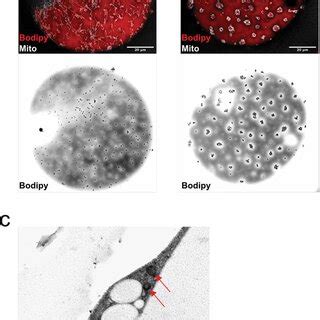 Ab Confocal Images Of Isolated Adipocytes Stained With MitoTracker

....................

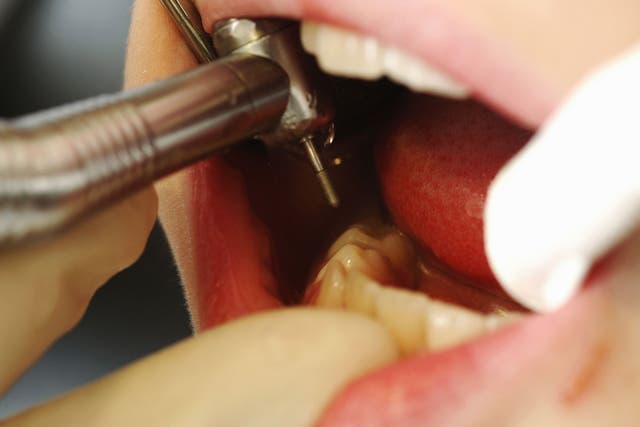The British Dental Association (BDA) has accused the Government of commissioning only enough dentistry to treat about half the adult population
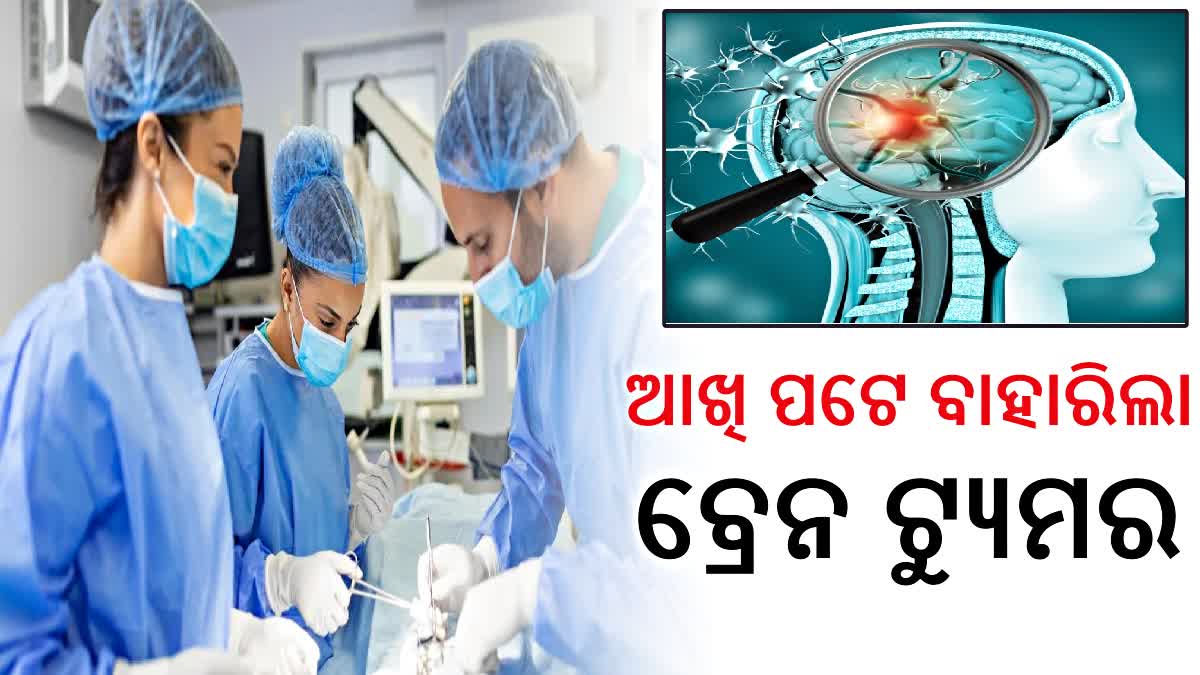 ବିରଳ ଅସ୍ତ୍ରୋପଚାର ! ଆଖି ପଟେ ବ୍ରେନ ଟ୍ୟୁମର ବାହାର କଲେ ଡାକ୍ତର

....................

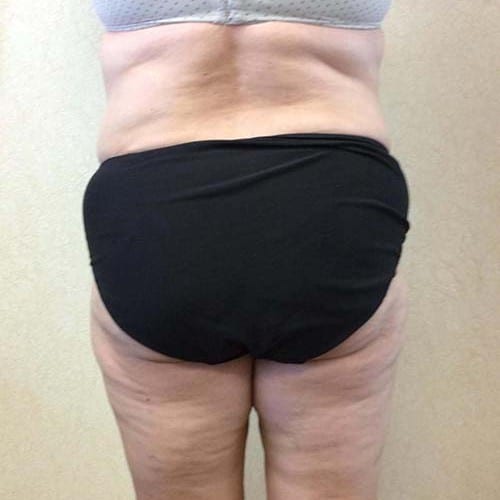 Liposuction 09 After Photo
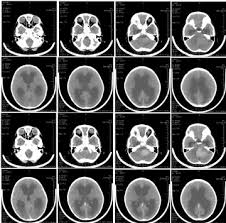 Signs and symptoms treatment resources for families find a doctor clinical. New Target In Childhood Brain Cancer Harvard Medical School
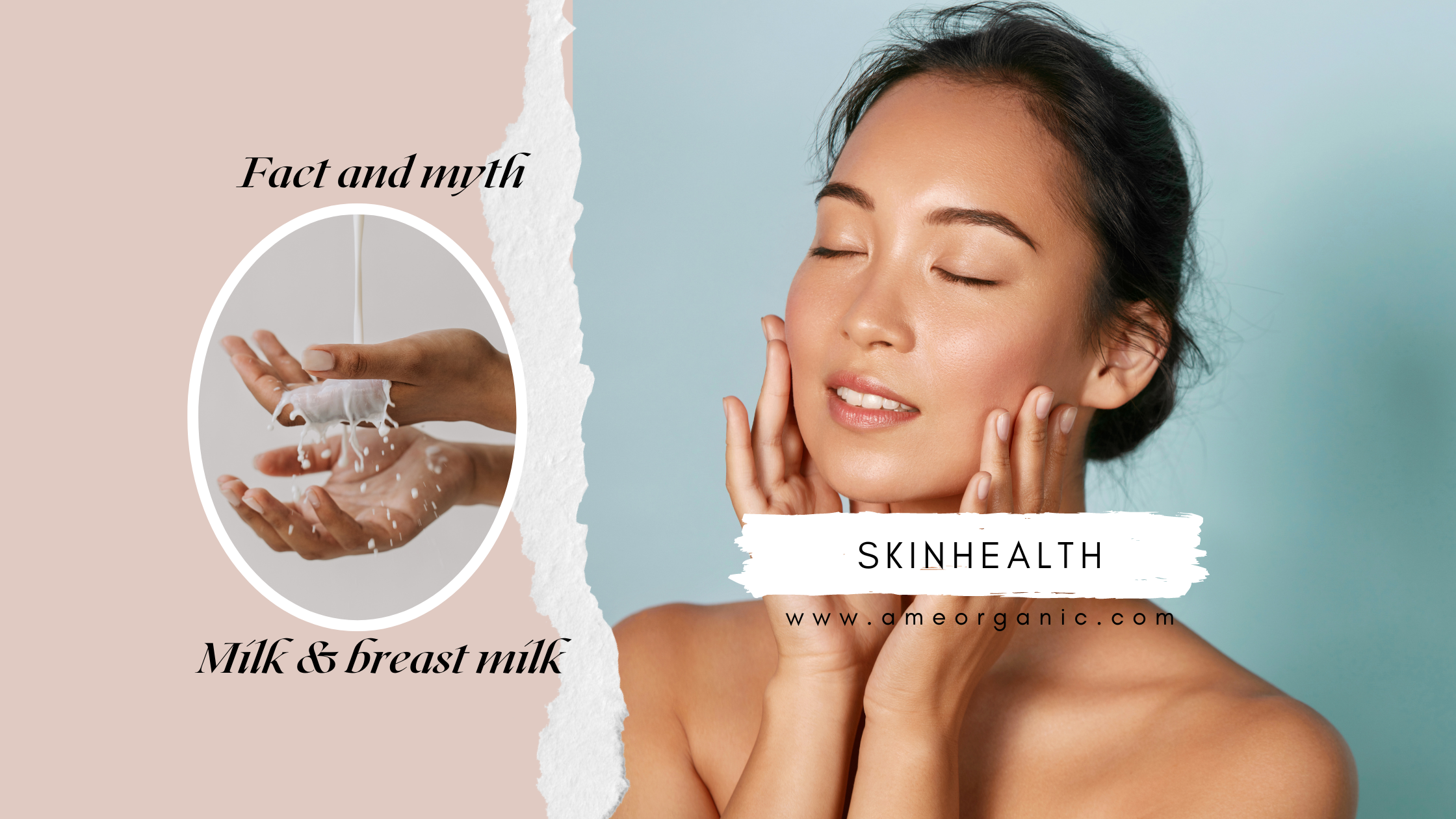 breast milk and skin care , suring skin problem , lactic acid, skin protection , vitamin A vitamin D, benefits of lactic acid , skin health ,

....................

WORK ORDER
Take only the lines above from the one that has "Liposuction 09 After Photo" through the one that has "breast milk and" and reproduce them exactly, omitting any pictures.

EXPECTED ANSWER
 Liposuction 09 After Photo
 Signs and symptoms treatment resources for families find a doctor clinical. New Target In Childhood Brain Cancer Harvard Medical School
 breast milk and skin care , suring skin problem , lactic acid, skin protection , vitamin A vitamin D, benefits of lactic acid , skin health ,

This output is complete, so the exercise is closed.